Why Chabahar? Because this is India's preferred transit corridor to Central Asia and Russia, as the Khyber Pass in the Afghan-Pakistani borderlands, the country's traditional linking point for this, remains too volatile. Built by Iran, the transit corridor from Chabahar to Milak on the Iran-Afghanistan border is now ready. By rail, Chabahar will then be connected to the Uzbek border at Termez, which translates into Indian products reaching Central Asia and Russia.
Think of this as the Southern Silk Road, linking South Asia with Central Asia, and in the end, if all goes according to plan, West Asia with China. It is part of a wildly ambitious plan for a North-South Transport Corridor, an India-Iran-Russia joint project launched in 2002 and focused on the development of inter-Asian trade.

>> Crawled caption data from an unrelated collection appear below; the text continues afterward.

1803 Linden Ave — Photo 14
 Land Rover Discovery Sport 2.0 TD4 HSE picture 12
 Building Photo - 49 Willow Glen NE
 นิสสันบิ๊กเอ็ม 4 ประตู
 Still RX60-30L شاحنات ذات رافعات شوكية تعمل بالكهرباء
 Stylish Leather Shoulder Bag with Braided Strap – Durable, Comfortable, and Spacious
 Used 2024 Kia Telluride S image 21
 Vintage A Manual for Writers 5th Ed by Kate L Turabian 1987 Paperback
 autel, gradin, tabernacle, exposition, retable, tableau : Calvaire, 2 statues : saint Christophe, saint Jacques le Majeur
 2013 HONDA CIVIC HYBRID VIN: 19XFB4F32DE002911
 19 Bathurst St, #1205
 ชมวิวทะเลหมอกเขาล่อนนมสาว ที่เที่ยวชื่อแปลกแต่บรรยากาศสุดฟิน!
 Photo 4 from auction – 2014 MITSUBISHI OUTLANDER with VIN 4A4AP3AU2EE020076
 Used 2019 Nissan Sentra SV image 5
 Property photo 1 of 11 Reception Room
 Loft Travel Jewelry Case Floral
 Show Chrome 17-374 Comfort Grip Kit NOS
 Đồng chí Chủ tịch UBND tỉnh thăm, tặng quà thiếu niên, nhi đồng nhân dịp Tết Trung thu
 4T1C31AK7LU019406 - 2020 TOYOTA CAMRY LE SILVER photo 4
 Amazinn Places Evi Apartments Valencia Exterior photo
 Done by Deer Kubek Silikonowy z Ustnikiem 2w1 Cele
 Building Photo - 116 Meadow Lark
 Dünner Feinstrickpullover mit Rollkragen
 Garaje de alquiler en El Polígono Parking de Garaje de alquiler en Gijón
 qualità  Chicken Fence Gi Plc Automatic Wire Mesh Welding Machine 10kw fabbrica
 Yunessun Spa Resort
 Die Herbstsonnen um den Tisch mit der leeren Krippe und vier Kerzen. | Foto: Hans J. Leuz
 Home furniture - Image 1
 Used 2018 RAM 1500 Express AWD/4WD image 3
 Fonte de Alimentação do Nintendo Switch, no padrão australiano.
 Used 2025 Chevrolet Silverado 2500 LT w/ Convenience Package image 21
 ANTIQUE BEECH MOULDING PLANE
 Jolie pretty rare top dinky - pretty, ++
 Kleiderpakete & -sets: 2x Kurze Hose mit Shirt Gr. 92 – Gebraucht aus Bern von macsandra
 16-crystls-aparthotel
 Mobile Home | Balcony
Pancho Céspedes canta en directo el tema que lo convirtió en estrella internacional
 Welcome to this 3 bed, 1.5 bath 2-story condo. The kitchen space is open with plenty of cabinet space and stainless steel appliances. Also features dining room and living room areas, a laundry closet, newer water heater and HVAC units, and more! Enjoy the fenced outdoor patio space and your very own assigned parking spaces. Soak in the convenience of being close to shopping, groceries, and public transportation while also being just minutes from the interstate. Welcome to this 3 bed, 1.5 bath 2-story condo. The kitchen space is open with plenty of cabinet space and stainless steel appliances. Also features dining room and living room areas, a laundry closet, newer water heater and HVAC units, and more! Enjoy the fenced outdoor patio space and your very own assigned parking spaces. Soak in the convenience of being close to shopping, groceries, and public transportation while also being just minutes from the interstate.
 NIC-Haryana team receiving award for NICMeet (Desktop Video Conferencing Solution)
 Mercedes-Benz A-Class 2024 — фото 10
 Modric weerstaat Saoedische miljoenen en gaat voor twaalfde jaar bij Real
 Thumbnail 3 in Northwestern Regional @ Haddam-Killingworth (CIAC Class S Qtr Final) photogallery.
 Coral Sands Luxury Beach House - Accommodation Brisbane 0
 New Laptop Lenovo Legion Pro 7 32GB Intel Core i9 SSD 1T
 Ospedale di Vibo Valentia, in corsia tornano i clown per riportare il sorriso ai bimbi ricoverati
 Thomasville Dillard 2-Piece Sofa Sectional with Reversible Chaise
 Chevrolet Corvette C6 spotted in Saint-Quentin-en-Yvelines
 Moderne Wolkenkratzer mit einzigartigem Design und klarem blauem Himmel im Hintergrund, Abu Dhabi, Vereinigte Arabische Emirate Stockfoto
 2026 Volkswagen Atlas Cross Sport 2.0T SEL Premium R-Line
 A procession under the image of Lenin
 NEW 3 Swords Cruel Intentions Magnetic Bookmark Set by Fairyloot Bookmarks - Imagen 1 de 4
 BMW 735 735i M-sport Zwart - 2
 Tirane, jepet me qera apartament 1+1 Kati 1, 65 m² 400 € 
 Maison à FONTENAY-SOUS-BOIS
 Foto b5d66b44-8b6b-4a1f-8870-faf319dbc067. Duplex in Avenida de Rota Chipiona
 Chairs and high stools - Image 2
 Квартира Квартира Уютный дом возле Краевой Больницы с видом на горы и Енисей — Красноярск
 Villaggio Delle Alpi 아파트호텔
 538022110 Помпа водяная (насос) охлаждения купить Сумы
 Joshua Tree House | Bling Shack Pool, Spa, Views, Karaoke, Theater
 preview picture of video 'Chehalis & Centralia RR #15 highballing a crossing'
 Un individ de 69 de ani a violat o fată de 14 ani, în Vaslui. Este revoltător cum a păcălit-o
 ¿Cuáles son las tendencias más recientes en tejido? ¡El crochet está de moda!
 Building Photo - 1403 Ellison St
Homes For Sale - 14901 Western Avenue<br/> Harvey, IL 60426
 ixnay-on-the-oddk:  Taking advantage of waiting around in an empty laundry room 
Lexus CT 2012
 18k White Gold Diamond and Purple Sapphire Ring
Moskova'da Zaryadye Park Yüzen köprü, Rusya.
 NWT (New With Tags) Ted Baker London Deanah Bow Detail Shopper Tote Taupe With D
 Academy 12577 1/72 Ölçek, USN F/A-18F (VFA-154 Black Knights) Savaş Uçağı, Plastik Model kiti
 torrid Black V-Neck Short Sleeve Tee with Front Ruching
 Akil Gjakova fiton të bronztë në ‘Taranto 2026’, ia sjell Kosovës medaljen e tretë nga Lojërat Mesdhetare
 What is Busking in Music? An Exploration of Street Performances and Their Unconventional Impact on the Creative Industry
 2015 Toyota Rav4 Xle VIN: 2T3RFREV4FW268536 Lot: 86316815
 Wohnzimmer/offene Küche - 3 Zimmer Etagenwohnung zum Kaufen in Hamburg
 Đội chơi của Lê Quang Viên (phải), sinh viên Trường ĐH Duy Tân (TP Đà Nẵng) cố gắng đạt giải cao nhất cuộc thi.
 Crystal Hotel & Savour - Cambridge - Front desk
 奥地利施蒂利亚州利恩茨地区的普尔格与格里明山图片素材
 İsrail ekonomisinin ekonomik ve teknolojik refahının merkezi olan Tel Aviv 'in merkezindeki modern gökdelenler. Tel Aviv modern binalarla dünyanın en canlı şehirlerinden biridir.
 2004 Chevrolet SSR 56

Of course, you won't be surprised to know that, even here, China is deeply involved. Chinese companies have already built a high-speed rail line from the Iranian capital Tehran to Mashhad, near the Afghan border. China also financed a metro rail line from Imam Khomeini Airport to downtown Tehran. And it wants to use Chabahar as part of the so-called Iron Silk Road that is someday slated to cross Iran and extend all the way to Turkey. To top it off, China is already investing in the upgrading of Turkish ports.